【小さな山旅】不苦労の山…鷲子山(2) | CYCLE やわらかスポーツ情報サイト

【小さな山旅】不苦労の山…鷲子山(2)

オピニオン コラム
本宮神社にある日本一の大フクロウ像。7メートルの高さにある。
  • 本宮神社にある日本一の大フクロウ像。7メートルの高さにある。
  • フクロウのポスト。悩み事などを書いてこのポストに入れると…鬼太郎は来ないらしい。
  • 本宮神社にずらりと並ぶ、木彫りのフクロウ。
  • 福運びフクロウ。
  • 水かけフクロウ。
  • 見ざる、聞かざる、言わざるフクロウ?
  • 稲荷神社には…さすがに狐。
  • この看板を見つけるのに一苦労。こことは別に地形図上の三角点を示す場所があるらしい。
茨城県常陸大宮市と栃木県那須郡那珂川町の境(県境)にある鷲子山。その頂上付近にある鷲子山上神社は、県境にある神社として有名だが、フクロウの山としても有名である。

●魔女とフクロウ
フクロウといえば、魔法使いのお供のイメージが強い。昔描かれた魔女の絵には、フクロウが一緒に描かれていることが多く、有名な『ハリー・ポッター』シリーズには、ヘドウィグという白いフクロウが登場している。『もやしもん』で知られる漫画家・石川雅之氏が描いた魔女漫画『純潔のマリア』でも、主人公・マリアの使いとしてフクロウが登場した。

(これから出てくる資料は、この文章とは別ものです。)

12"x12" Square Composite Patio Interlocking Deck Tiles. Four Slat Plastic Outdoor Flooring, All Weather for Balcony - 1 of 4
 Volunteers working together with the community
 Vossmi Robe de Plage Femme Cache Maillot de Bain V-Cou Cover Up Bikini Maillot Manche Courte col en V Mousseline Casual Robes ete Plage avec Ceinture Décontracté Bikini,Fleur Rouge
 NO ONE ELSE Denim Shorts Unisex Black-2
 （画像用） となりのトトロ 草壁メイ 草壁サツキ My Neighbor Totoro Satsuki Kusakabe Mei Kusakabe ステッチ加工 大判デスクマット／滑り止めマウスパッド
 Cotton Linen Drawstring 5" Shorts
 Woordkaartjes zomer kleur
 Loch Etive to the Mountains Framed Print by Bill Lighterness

他にも、夜行性で音もなく空を飛び、獲物を捕獲することから「森の忍者」の異名も持つ。フクロウはその愛くるしい形態とは裏腹に、ダークなイメージがつきまとっている。

●鷲子山上神社とフクロウ
一方で、神様の使いとして崇められてもいる。鷲子山の御祭神は「アメノヒワシノミコト」という鳥の神様。その使いのフクロウが、この神社のシンボルになっている。

そのためフクロウ神社との異名を持つ鷲子山上神社では、フクロウが大活躍している。フクロウは「不苦労」や「福来郎」などのように、吉祥な当て字があてられることがあり、縁起の良い鳥でもある。

本宮神社にある日本一の大フクロウ像、金運不苦労御柱、不苦労のポスト、不苦労の鐘、不苦労の石段に水かけフクロウ、さらにはお守りにも、といった具合に、いたる所にフクロウの姿が見受けられた。

●不苦労の山?
それだけフクロウ(不苦労)がいる山だから、登るのにも苦労はいらない…と思いきや、山頂を探すのに苦労した。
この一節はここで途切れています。